§ **YOUR INSTRUCTIONS**: In the data below, find the line containing "Dec 6, 2025;", then set down that line and every later line up to and including the line containing "Two serious businessman with laptopsの写真素材", exactly.

(Caption-style text data)
———
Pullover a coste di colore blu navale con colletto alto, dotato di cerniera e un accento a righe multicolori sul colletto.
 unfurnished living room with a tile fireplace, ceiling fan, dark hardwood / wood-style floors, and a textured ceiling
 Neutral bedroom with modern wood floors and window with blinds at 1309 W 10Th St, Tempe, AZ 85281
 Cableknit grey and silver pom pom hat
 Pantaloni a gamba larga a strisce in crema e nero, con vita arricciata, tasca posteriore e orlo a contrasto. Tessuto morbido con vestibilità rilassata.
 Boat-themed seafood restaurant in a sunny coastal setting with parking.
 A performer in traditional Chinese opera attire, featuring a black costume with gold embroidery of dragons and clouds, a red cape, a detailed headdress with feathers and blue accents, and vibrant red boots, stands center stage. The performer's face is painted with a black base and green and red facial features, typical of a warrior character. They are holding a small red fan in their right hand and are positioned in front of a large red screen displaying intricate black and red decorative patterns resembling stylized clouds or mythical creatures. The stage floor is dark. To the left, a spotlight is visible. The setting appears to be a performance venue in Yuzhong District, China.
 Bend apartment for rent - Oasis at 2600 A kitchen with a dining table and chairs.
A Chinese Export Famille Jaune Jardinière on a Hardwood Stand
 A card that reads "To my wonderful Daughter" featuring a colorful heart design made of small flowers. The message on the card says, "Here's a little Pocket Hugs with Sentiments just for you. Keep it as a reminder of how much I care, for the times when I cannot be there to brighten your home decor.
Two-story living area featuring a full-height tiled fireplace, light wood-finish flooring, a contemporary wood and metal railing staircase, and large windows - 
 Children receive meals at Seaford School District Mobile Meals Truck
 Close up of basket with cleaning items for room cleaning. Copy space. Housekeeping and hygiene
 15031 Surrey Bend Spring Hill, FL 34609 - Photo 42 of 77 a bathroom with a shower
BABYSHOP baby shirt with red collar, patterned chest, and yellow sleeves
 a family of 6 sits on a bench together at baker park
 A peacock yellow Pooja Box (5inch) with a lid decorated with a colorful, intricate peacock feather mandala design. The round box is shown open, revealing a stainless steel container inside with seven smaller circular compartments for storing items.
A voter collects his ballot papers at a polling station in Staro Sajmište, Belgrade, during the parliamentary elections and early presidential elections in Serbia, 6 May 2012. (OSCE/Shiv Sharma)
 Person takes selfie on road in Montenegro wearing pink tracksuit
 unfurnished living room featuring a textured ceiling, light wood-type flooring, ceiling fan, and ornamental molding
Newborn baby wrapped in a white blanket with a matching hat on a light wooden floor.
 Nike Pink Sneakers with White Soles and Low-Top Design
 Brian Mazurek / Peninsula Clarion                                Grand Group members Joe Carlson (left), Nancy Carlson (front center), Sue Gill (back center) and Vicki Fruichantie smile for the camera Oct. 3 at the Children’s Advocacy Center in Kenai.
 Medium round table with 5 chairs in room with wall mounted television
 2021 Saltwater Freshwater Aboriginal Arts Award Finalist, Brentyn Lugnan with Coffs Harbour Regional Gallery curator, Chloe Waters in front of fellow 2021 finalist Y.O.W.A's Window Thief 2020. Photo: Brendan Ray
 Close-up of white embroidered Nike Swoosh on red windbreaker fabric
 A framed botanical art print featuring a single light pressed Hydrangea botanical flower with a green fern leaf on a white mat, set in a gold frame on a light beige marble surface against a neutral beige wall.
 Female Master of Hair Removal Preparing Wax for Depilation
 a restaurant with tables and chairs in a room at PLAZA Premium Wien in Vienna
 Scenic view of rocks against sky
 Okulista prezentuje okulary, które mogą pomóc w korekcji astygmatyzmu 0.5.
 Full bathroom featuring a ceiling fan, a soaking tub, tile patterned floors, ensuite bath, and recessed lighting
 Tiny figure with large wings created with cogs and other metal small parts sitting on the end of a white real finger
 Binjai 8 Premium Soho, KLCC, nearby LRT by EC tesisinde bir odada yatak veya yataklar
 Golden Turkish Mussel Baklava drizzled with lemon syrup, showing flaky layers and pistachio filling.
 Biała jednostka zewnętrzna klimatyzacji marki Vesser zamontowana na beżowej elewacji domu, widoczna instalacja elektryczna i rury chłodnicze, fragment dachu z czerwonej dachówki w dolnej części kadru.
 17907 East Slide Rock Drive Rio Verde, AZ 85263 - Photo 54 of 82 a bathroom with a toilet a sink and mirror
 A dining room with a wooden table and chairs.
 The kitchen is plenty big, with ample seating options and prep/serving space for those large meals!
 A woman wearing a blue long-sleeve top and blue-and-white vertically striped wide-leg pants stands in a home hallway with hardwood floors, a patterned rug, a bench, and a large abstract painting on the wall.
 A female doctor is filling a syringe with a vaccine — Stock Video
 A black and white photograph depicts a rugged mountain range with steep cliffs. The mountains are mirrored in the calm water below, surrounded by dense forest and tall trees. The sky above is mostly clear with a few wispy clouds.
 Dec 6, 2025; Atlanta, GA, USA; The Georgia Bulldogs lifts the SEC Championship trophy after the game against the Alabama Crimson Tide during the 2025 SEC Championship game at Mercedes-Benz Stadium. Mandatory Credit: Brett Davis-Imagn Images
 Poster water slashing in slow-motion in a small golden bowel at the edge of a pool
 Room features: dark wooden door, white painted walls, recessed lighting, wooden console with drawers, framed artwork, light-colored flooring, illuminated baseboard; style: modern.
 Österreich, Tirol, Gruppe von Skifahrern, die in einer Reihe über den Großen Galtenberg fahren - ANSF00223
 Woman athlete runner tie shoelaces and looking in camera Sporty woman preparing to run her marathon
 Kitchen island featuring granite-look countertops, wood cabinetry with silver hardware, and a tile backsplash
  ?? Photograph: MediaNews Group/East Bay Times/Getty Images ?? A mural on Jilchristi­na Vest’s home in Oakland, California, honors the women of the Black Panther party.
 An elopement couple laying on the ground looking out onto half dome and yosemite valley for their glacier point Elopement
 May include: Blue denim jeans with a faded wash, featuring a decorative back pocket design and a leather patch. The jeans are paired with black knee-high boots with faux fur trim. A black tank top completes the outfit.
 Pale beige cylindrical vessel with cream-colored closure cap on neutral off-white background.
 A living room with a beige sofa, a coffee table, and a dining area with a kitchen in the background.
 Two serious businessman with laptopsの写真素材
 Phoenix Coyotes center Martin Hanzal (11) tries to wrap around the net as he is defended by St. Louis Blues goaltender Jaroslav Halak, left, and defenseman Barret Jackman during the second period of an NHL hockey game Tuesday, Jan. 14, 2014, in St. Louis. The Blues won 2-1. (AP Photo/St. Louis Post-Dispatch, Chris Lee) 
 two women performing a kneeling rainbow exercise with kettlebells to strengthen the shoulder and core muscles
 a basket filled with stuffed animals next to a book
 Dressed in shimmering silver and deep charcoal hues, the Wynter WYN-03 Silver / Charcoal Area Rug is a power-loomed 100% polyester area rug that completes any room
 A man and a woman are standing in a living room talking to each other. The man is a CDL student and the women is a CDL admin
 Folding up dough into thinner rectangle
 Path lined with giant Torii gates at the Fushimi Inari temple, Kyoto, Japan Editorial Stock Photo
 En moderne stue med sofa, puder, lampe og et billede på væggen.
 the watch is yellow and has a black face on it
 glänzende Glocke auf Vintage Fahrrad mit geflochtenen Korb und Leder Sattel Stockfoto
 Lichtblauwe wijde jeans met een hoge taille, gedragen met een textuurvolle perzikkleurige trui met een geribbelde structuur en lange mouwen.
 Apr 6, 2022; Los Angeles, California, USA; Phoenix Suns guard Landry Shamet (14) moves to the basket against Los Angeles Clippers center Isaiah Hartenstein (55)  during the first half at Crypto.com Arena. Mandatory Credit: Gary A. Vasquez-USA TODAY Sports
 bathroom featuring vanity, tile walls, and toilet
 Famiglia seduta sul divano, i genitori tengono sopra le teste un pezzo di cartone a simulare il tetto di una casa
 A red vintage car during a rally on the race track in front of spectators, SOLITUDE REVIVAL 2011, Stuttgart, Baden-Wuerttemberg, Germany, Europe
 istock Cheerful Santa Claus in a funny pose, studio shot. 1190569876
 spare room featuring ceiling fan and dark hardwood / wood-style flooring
———
§ **FINISHED TASK**:
 Dec 6, 2025; Atlanta, GA, USA; The Georgia Bulldogs lifts the SEC Championship trophy after the game against the Alabama Crimson Tide during the 2025 SEC Championship game at Mercedes-Benz Stadium. Mandatory Credit: Brett Davis-Imagn Images
 Poster water slashing in slow-motion in a small golden bowel at the edge of a pool
 Room features: dark wooden door, white painted walls, recessed lighting, wooden console with drawers, framed artwork, light-colored flooring, illuminated baseboard; style: modern.
 Österreich, Tirol, Gruppe von Skifahrern, die in einer Reihe über den Großen Galtenberg fahren - ANSF00223
 Woman athlete runner tie shoelaces and looking in camera Sporty woman preparing to run her marathon
 Kitchen island featuring granite-look countertops, wood cabinetry with silver hardware, and a tile backsplash
  ?? Photograph: MediaNews Group/East Bay Times/Getty Images ?? A mural on Jilchristi­na Vest’s home in Oakland, California, honors the women of the Black Panther party.
 An elopement couple laying on the ground looking out onto half dome and yosemite valley for their glacier point Elopement
 May include: Blue denim jeans with a faded wash, featuring a decorative back pocket design and a leather patch. The jeans are paired with black knee-high boots with faux fur trim. A black tank top completes the outfit.
 Pale beige cylindrical vessel with cream-colored closure cap on neutral off-white background.
 A living room with a beige sofa, a coffee table, and a dining area with a kitchen in the background.
 Two serious businessman with laptopsの写真素材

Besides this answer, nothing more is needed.